Replace @timestamp to time from actual log file

Youssef_SBAI · June 9, 2020, 12:19pm

Hello it is possible to Change @timestamp to time from actual log file

I use this config

filter {
  date {
    match => ["timestamp", "ISO8601"]
  }
}

But it does not work

dadoonet · June 9, 2020, 1:00pm

What does not work?
Could you give a concrete example of the event before and after?

Youssef_SBAI · June 9, 2020, 1:04pm

My index names is logstash-2020.06.09 but the @timestamp is

Youssef_SBAI · June 9, 2020, 1:05pm

logstash not parsing @timestamp correctly, it is possible to change @timestamp to time from actual log file

Jenni · June 9, 2020, 1:29pm

Most of the people who might try to help you are not psychic. If you complain about the wrong output, you need to give us your input. If you cannot solve your problem while having all the information, you cannot expect us to solve it with only the half of it.

Youssef_SBAI · June 9, 2020, 1:32pm

my config logstash is

input {
beats  {
port => "5044"
}
}  

filter {

csv {
separator => ","
columns => ["chaine", "job", "date_plan", "statut", "date_debut", "date_fin", "serveur", "numero_passage", "application", "sous_application"]
skip_header => "true"
}

date {
match => [ "timestamp", "YYYY-MM-dd;HH:mm:ss.SSS"]
target => "@timestamp"
}

date {
match => [ "date_plan" , "YYYY-MM-dd" ]
timezone => "Europe/Paris"
}

date {
match => [ "date_debut" , "YYYY-MM-dd HH:mm:ss" ]
timezone => "Europe/Paris"
}

date {
match => [ "date_fin" , "YYYY-MM-dd HH:mm:ss" ]
timezone => "Europe/Paris"
}

mutate {
convert => { "numero_passage" => "integer" }
}
}

output {
elasticsearch {
hosts => ["http://elasticsearch:9200"]
index => "<logstash-{now/d}>"

}
stdout {
   codec => rubydebug
}
}

Jenni · June 9, 2020, 1:39pm

I hope you realize that this configuration would overwrite @timestamp again and again and again … That field is the default target of the date filter.

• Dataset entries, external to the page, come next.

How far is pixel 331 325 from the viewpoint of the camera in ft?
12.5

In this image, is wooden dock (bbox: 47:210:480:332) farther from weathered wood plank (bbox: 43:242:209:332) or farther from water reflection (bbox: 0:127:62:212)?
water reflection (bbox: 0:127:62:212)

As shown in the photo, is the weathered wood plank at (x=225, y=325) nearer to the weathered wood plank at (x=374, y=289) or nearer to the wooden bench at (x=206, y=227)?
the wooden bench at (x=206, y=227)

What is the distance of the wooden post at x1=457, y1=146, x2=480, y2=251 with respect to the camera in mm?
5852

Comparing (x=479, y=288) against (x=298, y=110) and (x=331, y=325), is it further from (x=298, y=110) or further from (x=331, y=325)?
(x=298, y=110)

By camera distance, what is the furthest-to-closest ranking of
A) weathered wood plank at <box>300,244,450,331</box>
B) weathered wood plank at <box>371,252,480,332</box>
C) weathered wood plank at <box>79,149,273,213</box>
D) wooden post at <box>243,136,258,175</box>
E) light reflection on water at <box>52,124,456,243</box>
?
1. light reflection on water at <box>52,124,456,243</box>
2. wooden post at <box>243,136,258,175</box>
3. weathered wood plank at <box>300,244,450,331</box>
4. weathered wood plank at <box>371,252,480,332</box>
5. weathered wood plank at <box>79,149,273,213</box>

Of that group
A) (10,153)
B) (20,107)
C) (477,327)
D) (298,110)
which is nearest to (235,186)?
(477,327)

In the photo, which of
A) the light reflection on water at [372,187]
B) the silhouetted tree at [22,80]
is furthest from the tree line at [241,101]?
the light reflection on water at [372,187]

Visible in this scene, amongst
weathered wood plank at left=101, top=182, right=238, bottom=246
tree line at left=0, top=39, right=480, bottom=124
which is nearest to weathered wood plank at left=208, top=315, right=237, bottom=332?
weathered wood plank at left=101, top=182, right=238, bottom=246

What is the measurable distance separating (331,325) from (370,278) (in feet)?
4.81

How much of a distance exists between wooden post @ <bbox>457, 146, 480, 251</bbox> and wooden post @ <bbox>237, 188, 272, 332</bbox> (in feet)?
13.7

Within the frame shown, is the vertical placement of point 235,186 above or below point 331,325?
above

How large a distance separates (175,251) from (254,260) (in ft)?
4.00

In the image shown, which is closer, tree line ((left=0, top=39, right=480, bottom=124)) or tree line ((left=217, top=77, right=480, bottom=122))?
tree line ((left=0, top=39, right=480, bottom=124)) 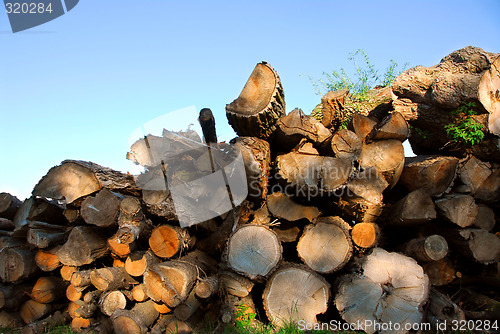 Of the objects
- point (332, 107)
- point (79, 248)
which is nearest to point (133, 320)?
point (79, 248)

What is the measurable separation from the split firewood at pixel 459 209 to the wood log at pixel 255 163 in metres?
1.79

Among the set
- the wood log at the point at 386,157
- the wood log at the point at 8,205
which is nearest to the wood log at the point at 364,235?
the wood log at the point at 386,157

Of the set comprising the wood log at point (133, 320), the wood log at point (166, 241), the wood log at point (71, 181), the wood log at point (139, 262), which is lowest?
the wood log at point (133, 320)

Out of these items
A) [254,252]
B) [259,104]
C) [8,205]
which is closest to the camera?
[254,252]

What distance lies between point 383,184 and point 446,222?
830 millimetres

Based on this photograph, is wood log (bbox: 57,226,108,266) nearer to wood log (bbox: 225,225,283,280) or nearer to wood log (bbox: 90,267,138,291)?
wood log (bbox: 90,267,138,291)

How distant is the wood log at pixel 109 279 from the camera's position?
298 centimetres

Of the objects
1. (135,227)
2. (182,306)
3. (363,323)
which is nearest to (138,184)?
(135,227)

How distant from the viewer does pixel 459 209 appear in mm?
3186

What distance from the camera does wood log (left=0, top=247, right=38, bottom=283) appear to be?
3.54 metres

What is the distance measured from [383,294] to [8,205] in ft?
14.9

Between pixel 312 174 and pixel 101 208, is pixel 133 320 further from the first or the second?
pixel 312 174

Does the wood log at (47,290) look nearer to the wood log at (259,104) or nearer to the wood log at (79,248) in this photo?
the wood log at (79,248)

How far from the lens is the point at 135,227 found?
2.84m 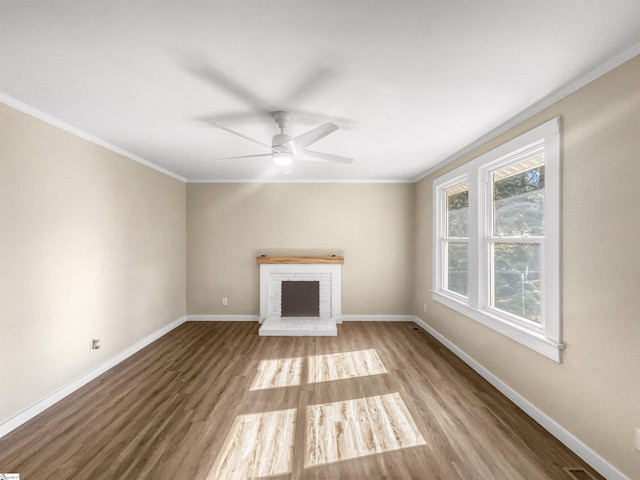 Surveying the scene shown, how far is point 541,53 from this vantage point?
61.7 inches

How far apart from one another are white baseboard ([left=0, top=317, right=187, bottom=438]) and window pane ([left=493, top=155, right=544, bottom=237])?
4.22 metres

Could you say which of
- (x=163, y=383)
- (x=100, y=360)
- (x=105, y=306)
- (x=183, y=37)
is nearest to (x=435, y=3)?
(x=183, y=37)

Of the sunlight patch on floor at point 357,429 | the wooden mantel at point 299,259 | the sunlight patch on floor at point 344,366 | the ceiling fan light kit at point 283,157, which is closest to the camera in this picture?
the sunlight patch on floor at point 357,429

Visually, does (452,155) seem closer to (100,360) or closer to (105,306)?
(105,306)

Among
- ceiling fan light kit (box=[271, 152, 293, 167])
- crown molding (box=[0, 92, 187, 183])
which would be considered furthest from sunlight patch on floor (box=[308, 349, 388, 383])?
crown molding (box=[0, 92, 187, 183])

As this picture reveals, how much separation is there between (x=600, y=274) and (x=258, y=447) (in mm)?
2408

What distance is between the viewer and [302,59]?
163 cm

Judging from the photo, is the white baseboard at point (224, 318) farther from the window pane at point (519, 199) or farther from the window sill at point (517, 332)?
the window pane at point (519, 199)

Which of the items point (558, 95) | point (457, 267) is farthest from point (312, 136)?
point (457, 267)

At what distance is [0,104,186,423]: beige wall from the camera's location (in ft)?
6.97

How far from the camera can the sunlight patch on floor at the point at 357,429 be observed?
189 cm

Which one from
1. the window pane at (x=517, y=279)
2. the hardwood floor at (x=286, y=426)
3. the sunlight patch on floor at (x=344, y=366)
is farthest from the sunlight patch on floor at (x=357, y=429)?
the window pane at (x=517, y=279)

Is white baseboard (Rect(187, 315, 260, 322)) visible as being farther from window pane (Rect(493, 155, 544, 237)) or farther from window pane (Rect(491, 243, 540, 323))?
window pane (Rect(493, 155, 544, 237))

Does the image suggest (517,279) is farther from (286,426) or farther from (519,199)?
(286,426) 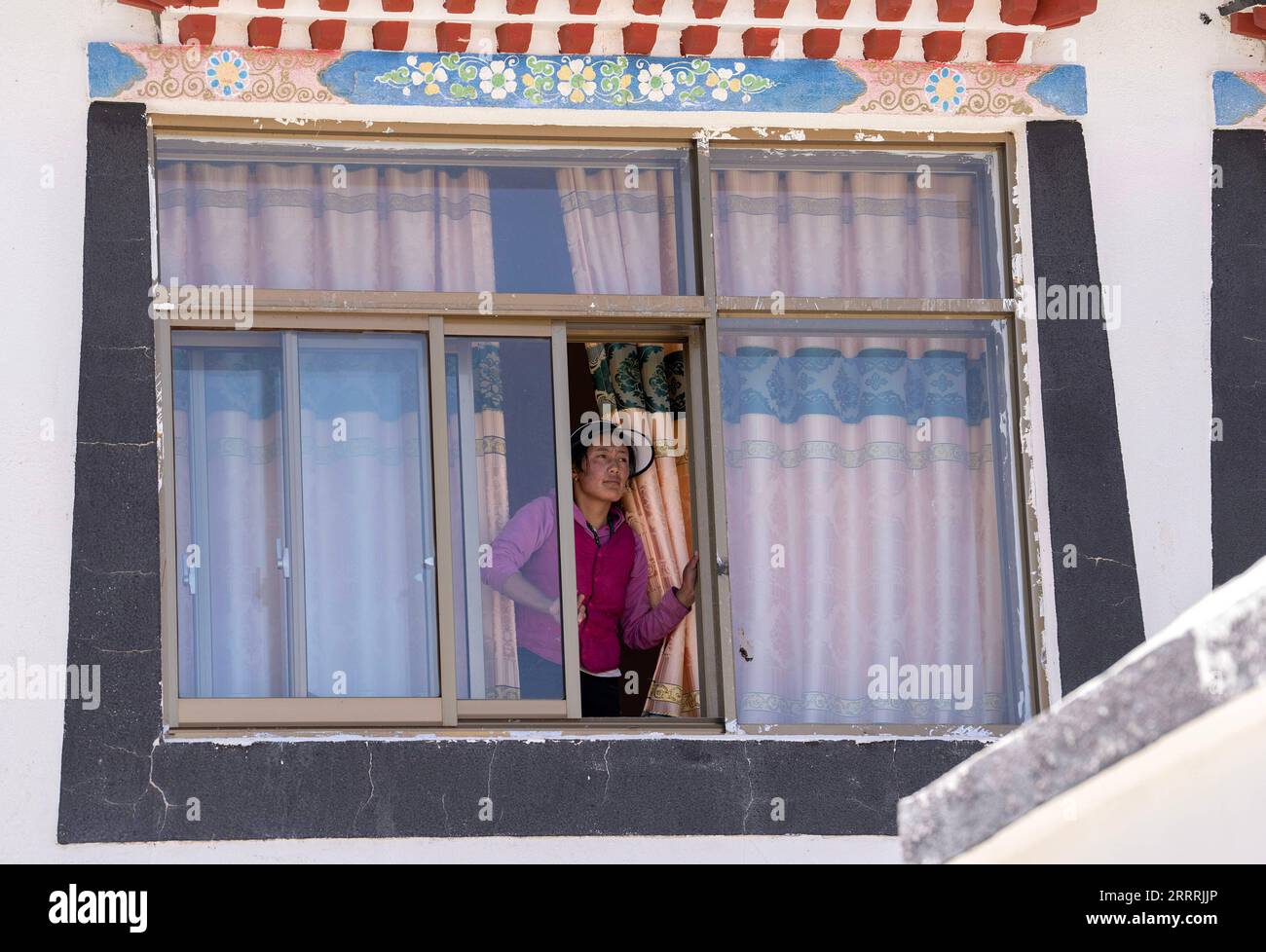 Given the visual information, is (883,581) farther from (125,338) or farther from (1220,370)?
(125,338)

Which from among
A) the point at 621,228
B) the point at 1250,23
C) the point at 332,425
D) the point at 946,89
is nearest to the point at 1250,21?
the point at 1250,23

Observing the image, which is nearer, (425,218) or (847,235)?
(425,218)

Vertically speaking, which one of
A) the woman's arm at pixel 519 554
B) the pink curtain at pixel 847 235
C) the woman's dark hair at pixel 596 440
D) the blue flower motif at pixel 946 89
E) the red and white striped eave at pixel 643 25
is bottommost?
the woman's arm at pixel 519 554

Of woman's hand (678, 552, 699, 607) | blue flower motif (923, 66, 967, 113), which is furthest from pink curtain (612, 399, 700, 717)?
blue flower motif (923, 66, 967, 113)

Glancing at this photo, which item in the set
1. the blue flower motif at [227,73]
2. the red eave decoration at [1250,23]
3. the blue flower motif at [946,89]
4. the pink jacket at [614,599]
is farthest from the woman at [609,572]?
the red eave decoration at [1250,23]

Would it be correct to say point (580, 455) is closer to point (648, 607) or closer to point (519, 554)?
point (648, 607)

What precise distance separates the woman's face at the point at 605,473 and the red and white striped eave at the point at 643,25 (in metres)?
1.26

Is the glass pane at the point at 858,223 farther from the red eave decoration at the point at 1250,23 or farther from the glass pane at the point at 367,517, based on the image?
the glass pane at the point at 367,517

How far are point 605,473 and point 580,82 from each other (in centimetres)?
123

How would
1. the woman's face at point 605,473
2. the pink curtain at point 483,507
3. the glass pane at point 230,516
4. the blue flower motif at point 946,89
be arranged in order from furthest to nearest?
1. the woman's face at point 605,473
2. the blue flower motif at point 946,89
3. the pink curtain at point 483,507
4. the glass pane at point 230,516

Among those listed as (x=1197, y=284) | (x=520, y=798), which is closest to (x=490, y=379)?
(x=520, y=798)

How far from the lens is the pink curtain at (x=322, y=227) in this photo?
626 cm

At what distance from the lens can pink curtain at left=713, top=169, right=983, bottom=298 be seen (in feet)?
21.4

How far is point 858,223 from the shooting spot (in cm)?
660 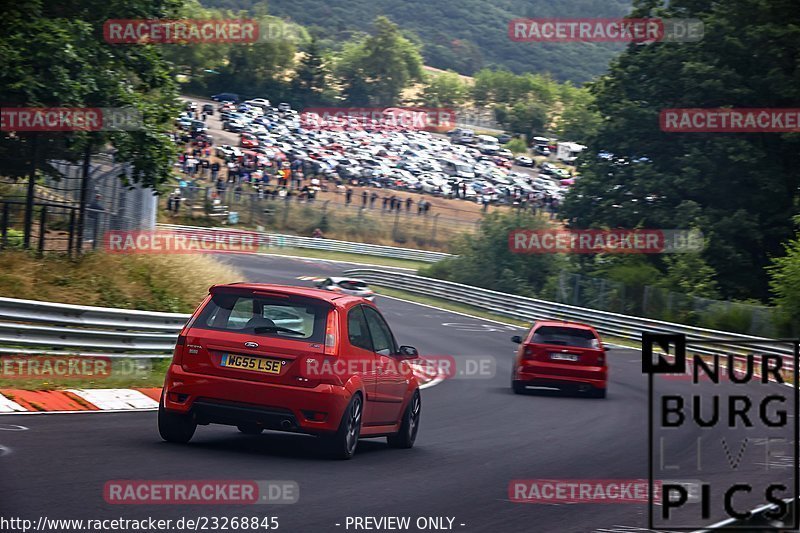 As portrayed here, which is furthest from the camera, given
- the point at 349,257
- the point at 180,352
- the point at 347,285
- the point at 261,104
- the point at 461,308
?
the point at 261,104

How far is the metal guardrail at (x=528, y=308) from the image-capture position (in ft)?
119

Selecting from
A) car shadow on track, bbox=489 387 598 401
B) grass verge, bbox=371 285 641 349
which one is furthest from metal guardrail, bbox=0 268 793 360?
grass verge, bbox=371 285 641 349

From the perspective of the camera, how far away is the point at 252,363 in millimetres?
10406

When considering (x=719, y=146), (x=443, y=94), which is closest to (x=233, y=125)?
(x=719, y=146)

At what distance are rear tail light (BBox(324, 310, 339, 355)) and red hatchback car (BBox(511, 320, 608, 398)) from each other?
1069 centimetres

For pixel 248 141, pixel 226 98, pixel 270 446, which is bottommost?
pixel 270 446

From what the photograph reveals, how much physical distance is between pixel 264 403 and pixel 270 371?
286 millimetres

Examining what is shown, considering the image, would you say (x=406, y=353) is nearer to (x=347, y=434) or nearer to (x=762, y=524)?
(x=347, y=434)

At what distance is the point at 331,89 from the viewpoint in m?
125

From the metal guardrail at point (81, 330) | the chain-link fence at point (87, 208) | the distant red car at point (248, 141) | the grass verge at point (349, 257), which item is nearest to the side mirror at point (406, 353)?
the metal guardrail at point (81, 330)

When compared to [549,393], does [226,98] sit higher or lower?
higher

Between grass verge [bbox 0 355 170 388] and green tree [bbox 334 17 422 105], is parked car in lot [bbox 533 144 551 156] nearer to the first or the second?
green tree [bbox 334 17 422 105]

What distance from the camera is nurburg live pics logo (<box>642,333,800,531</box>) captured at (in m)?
6.34

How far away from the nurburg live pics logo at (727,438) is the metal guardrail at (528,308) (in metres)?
14.9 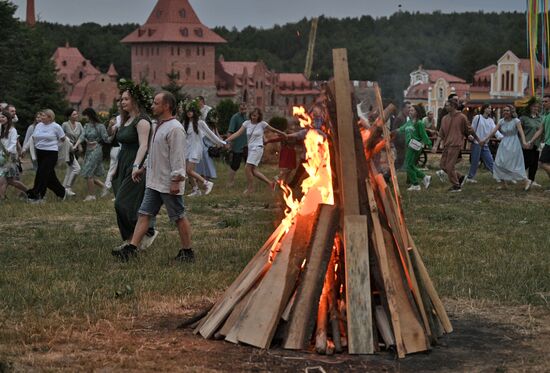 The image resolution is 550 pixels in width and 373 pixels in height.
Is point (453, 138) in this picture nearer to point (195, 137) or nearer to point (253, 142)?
point (253, 142)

Youssef_SBAI · June 9, 2020, 1:43pm

I know but @timestamps is not parsing correctly with today's date

Jenni · June 9, 2020, 1:47pm

I just meant to say that, even if it would parse the date correctly, the value wouldn't be kept. (And you still haven't posted your input.)

Youssef_SBAI · June 9, 2020, 1:49pm

my config filebeat is

filebeat.inputs:
- type: log
  enabled: true
  paths:  
     - /data/volumes/monitoring/logstash/logCtrlM/poc_prode.csv

exclude_lines: ['^chaine']

output.logstash:
  hosts: ["logstash:5044"]

dadoonet · June 9, 2020, 1:53pm

Could you please indent your code correctly to make it easier to read?
Also post the first lines of your CSV file.

dadoonet · June 9, 2020, 2:02pm

Adding to @Jenni's answer the link to the documentation. Date filter plugin | Logstash Reference [8.11] | Elastic

It says:

Store the matching timestamp into the given target field. If not provided, default to updating the @timestamp field of the event.

Which means that date_fin will at the end overwrite any other parsed values for @timestamp field.

system · July 7, 2020, 2:03pm

This topic was automatically closed 28 days after the last reply. New replies are no longer allowed.